In patients with acute respiratory failure secondary to pneumonia, non-invasive mechanical ventilation with a Helmet could decrease the need for endotracheal intubation compared to conventional oxygen therapy with a venturi mask [108]. A meta-analysis of three randomized clinical trials with 151 patients showed that using non-invasive mechanical ventilation in pneumonia can decrease the need for endotracheal intubation, mortality in intensive care, and hospitalization time in the intensive care unit [109]. In the immunosuppressed group, although non-invasive mechanical ventilation was able to reduce the need for endotracheal intubation in patients with fever, pulmonary infiltrate, and hypoxemic acute respiratory failure [110], early use of this modality of non-invasive ventilatory support that is, with less than 72 hours after the onset of respiratory failure; was unable to decrease mortality at 28 days of follow-up in this same group of patients, compared to conventional oxygen therapy [111].

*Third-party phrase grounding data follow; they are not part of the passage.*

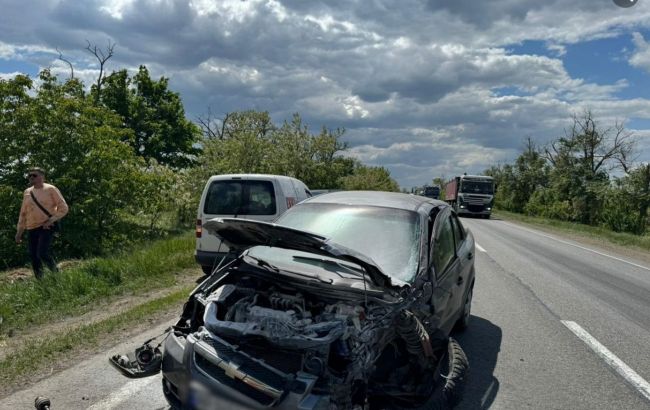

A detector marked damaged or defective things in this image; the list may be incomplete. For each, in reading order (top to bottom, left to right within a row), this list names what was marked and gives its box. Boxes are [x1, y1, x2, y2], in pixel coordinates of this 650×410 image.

detached front bumper [160, 332, 326, 408]
crushed front end of car [110, 218, 466, 406]
damaged silver sedan [111, 192, 474, 410]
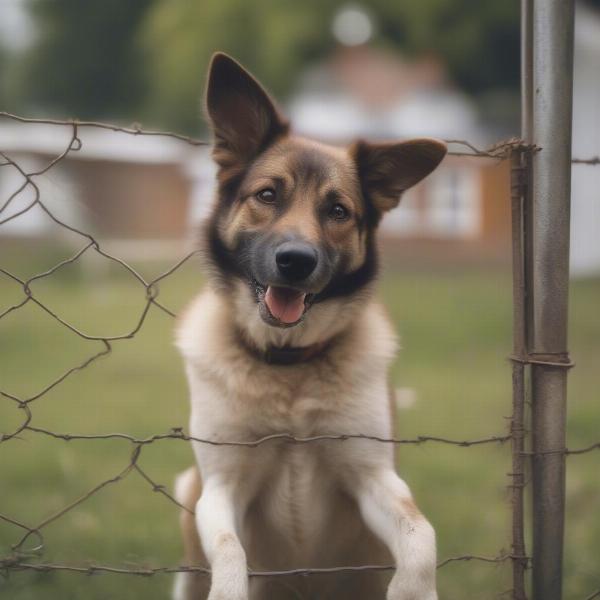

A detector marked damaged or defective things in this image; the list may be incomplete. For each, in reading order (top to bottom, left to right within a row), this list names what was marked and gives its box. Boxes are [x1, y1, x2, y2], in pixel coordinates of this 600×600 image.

rusty wire [0, 110, 596, 592]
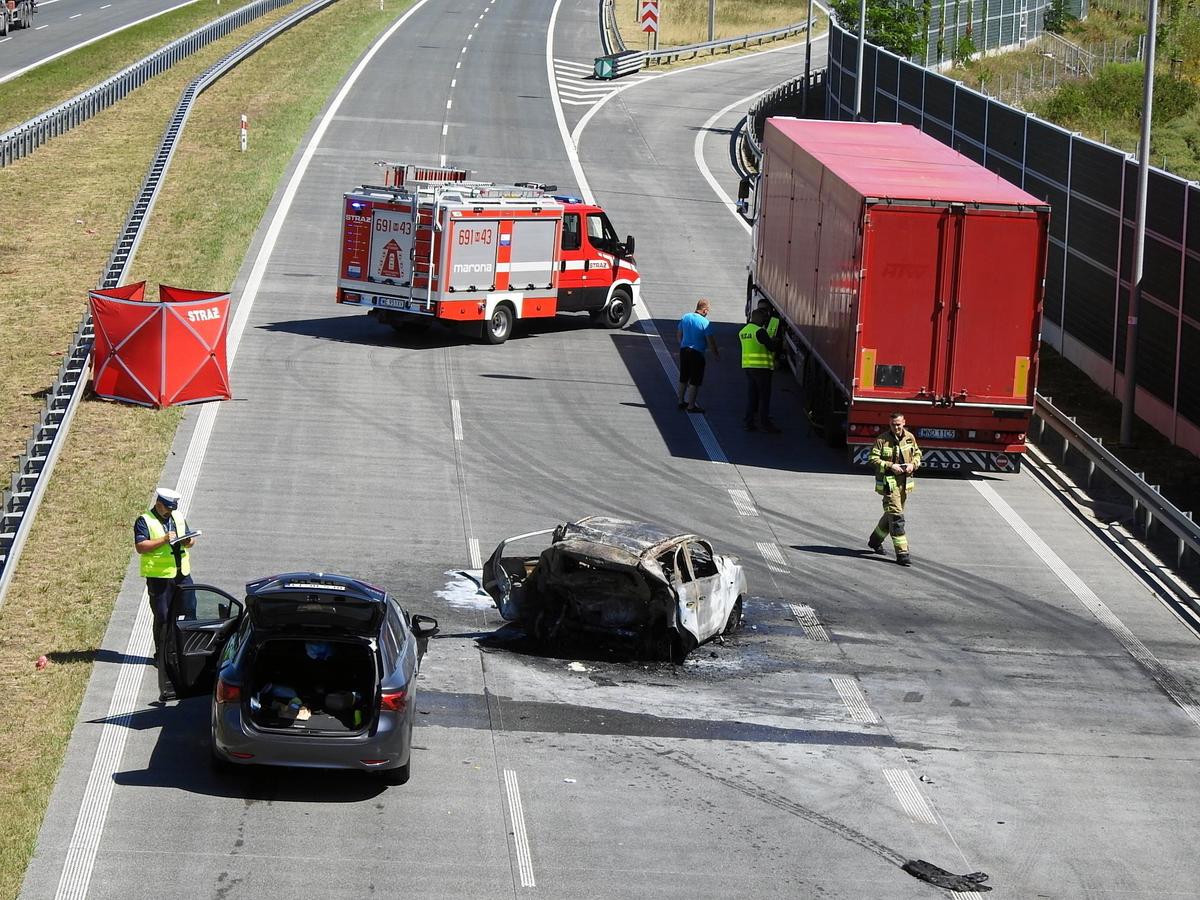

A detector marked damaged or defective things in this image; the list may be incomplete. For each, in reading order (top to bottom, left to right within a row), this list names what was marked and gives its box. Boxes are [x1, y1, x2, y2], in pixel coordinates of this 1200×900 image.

burned car wreck [482, 516, 744, 656]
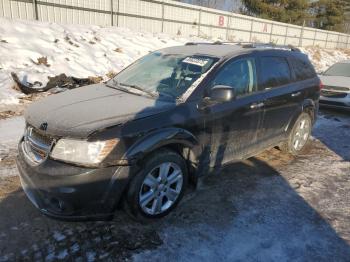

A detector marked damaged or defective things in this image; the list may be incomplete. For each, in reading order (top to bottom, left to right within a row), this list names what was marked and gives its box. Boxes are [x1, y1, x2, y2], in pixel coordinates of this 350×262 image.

damaged front bumper [15, 141, 133, 221]
damaged car in background [17, 43, 322, 221]
wrecked car [17, 43, 322, 221]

Even though high-flow nasal cannula oxygen therapy provides high oxygen concentrations at and low positive end-expiratory pressure levels, the main study comparing high-flow nasal cannula oxygen therapy, conventional oxygen therapy, and non-invasive mechanical ventilation showed no difference in the rate of endotracheal intubation at 28 days in patients with hypoxemic acute respiratory failure. It is important to highlight that this same study found a lower mortality at 90 days in the group of patients submitted to oxygen therapy by high-flow nasal cannula [112].

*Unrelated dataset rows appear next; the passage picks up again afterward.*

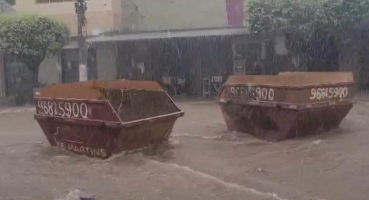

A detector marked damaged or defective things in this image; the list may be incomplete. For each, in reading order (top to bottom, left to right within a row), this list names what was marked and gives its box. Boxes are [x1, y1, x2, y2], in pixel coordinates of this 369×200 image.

rusty metal dumpster [33, 79, 184, 159]
rusty metal dumpster [217, 72, 356, 141]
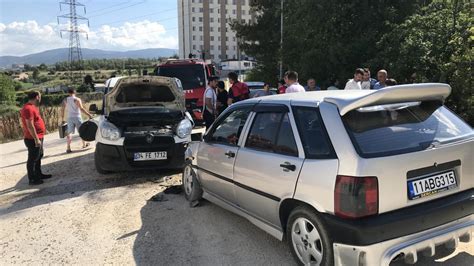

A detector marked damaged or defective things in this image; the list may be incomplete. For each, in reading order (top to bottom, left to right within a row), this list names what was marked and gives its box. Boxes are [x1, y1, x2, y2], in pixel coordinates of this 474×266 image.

damaged car with open hood [88, 76, 193, 174]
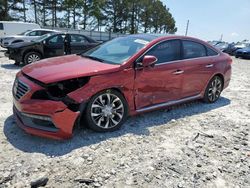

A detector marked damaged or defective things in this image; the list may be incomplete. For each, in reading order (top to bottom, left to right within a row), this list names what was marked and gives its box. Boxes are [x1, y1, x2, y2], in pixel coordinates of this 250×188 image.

damaged red sedan [12, 34, 232, 139]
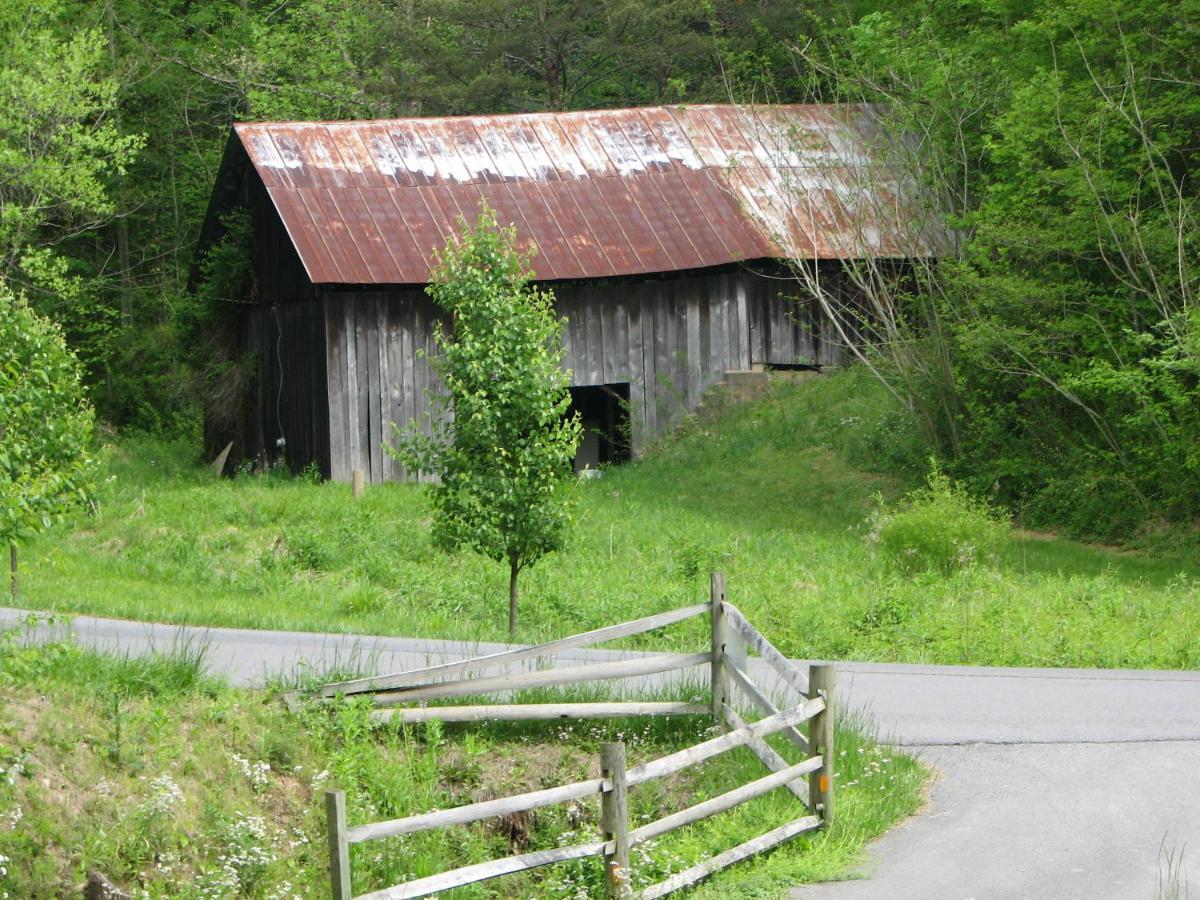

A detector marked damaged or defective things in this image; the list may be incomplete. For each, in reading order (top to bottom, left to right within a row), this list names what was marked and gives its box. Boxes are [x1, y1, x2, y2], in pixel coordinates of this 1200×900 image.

rusty corrugated metal roof [234, 103, 944, 284]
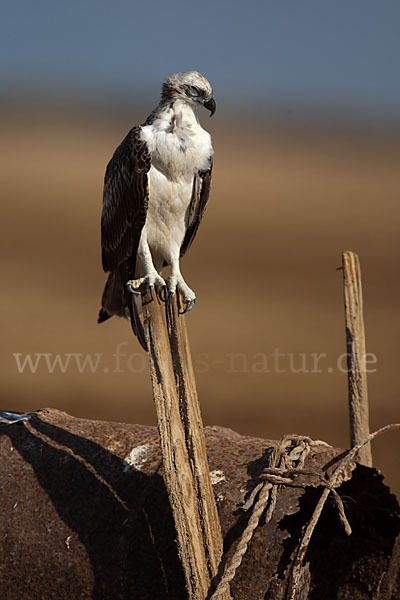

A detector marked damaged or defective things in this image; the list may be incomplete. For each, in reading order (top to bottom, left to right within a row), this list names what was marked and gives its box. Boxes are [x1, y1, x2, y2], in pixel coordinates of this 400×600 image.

rusty metal [0, 408, 398, 600]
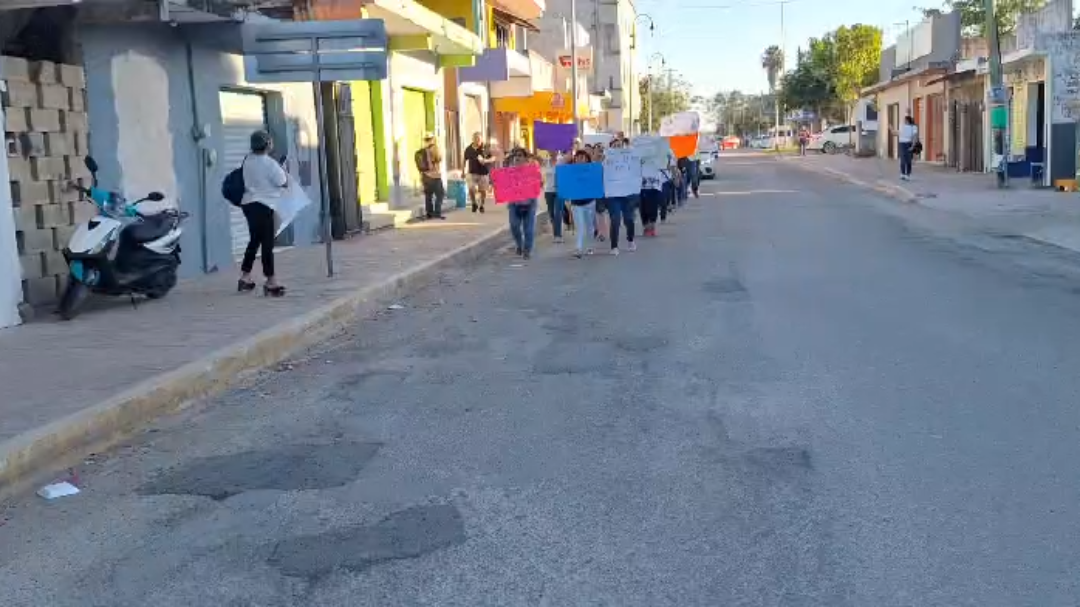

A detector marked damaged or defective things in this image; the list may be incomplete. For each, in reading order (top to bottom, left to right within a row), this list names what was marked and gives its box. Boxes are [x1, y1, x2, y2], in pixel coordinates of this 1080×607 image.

cracked asphalt road [2, 157, 1080, 607]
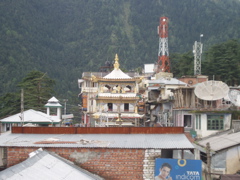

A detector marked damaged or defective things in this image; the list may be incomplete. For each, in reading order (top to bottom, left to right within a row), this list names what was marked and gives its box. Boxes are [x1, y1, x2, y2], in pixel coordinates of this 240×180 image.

Both high-flow nasal cannula oxygen therapy and non-invasive mechanical ventilation are widely available approaches to respiratory support and are therefore indicated in cases of community-acquired pneumonia with acute hypoxemic respiratory failure instead of conventional oxygen therapy to avoid endotracheal intubation when there is no need for immediate intubation [113]. So far, a comparison between non-invasive mechanical ventilation and high-flow nasal cannula in community-acquired pneumonia is not available in the literature.

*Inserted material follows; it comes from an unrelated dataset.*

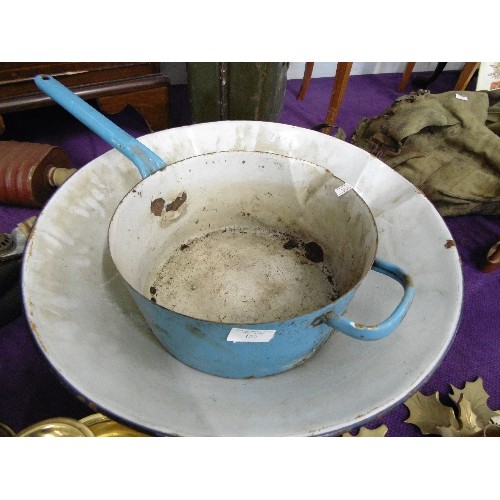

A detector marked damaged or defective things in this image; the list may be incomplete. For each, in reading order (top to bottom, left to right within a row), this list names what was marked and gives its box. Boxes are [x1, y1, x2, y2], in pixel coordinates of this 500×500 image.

rust stain [150, 197, 166, 217]
rust stain [165, 192, 187, 212]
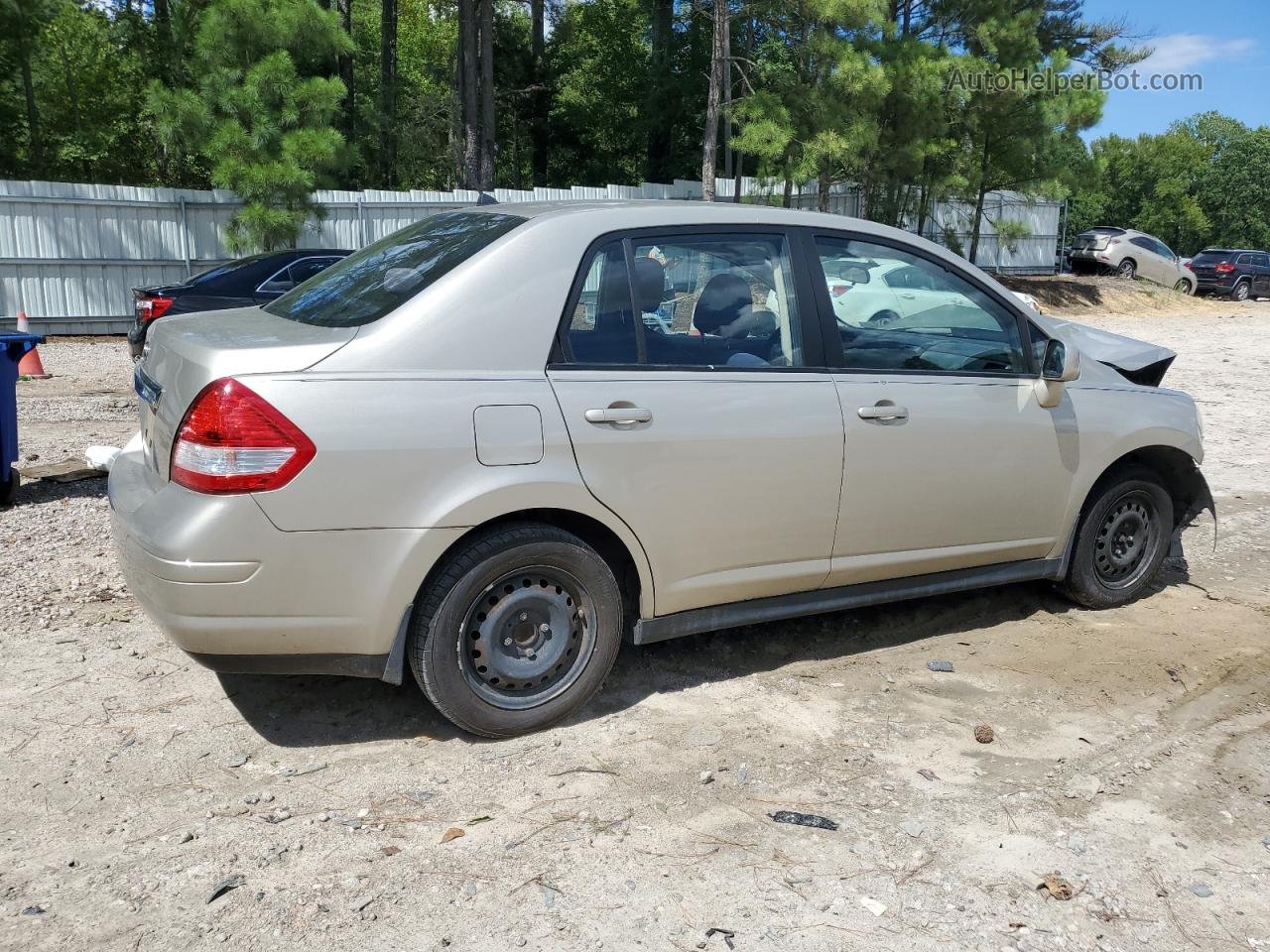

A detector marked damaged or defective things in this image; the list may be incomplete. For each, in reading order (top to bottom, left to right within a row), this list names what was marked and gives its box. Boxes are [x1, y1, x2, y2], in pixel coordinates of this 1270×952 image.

damaged silver sedan [109, 200, 1206, 738]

Invasive mechanical ventilation may be necessary in patients with severe community-acquired pneumonia. Late endotracheal intubation of patients with severe pneumonia and acute respiratory failure may increase mortality [114]. In cases of community-acquired pneumonia with severe acute respiratory distress syndrome, using protective mechanical ventilation settings, i.e., low tidal volumes (4 to 8 milliliters per kilogram), is strongly recommended [115]. In patients with less severe pneumonia, the protective strategy may decrease the risk of progression to mechanical ventilation-induced lung injury [116].

Conclusions

The morbimortality of severe community-acquired pneumonia is still high, especially among elderly, chronically ill, and immune-compromised patients. Improving preventive measures, such as increased vaccination rates in the adult population and promoting smoking cessation, are very important. Prognostic severity scales can help diagnose the most severe cases of community-acquired pneumonia, thus helping to define the treatment regimen to be followed, whether in the outpatient, inpatient, or intensive care unit. Early initiation of antimicrobial treatment, especially in severe cases, is essential to improve survival and reduce the risk of complications related to community-acquired pneumonia. Although several studies show a benefit in the use of corticosteroids in treating severe pneumonia, their use remains controversial, especially in mild cases and in some viral pneumonia. The increased incidence of multidrug-resistant pathogens, as well as the aging of the population and higher prevalence of comorbidities, are challenges that are increasingly present in clinical practice. New studies are needed to evaluate the efficacy and efficiency of new antimicrobials in community-acquired pneumonia caused by multidrug-resistant bacteria.